Rep. Majorie Taylor Greene has been threatening a "national divorce" between red and blue states over "irreconcilable differences."
Her threat turned into a Twitter trend on Wednesday when she took the whole idea a step further.
All possible in a National Divorce scenario.
— Marjorie Taylor Greene 🇺🇸 (@mtgreenee) December 29, 2021
After Democrat voters and big donors ruin a state like California, you would think it wise to stop them from doing it to another great state like Florida.
Brainwashed people that move from CA and NY really need a cooling off period. https://t.co/NB2dVj7n2X
Basically what she's saying is that, under a national divorce scenario, red states could decide that anyone who moved there from a blue state would be barred from voting during a "cooling off period."
I have one question for Rep. Greene: Would your home state of Georgia be one of those red states? In the 2020 election, 49.47% of Georgians voted for Joe Biden, 51% chose Raphael Warnock, and 49% voted for a Democrat in congressional races.

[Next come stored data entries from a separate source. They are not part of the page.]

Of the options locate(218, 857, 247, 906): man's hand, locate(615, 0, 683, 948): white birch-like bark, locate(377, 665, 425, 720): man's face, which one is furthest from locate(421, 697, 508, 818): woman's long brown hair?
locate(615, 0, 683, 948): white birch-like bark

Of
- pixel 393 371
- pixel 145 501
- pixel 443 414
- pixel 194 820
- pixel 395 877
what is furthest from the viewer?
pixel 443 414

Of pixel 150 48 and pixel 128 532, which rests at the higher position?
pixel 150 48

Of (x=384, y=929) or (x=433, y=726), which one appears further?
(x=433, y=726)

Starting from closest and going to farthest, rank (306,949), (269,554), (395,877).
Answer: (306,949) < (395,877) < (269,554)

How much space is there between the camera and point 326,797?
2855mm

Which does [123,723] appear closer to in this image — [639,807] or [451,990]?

I realize that Greene isn't the sharpest knife in the drawer, but I don't think she's thought this one through. She could very well find herself living in "blue America" if her national divorce scenario actually came to pass.

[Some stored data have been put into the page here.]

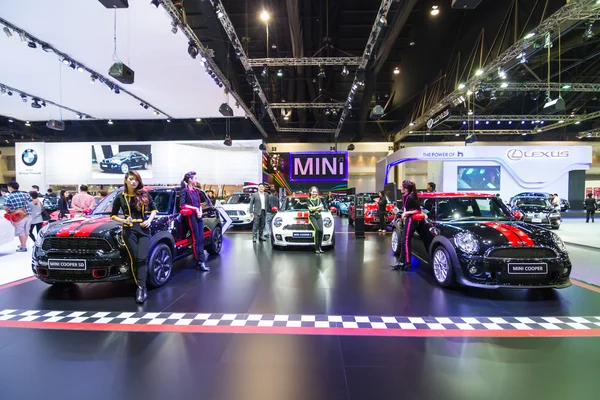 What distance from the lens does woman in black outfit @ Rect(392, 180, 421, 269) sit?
4.45 m

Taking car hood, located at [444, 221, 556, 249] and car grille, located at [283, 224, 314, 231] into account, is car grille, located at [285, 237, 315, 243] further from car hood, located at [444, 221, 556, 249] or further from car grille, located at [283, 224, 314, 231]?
car hood, located at [444, 221, 556, 249]

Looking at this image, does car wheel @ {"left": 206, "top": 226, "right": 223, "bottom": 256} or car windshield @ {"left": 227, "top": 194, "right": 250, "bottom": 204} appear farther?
car windshield @ {"left": 227, "top": 194, "right": 250, "bottom": 204}

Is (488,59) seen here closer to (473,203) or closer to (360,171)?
(473,203)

On a more serious note, what we have is a member of Congress threatening secession, which is treason. House Minority Leader Kevin McCarthy has stayed silent as members of his caucus posted videos of killing their political opponents or called them terrorists. But even more damning is the fact that, at this point, he hasn't said a word about one of them threatening treason. That is how far down the rabbit hole the GOP has gone.
What the rest of us are left to contemplate is whether Greene represents the fringe right or the Republican base. Sen. Chris Murphy - who has never been known to be alarmist - weighed in on that question.
The most popular national Republicans are openly advocating for an end to American democracy.
— Chris Murphy (@ChrisMurphyCT) December 29, 2021
This isn’t fringe anymore. This is mainstream Republican thinking, folks. https://t.co/KUkFjx0yoj
In addressing the same question, the always level-headed Steve Benen wrote that "the line between the GOP mainstream and the GOP fringe has grown awfully blurry." When a member of Congress threatens treason and the leadership of her party stays silent, that might be the most optimistic take on where things stand.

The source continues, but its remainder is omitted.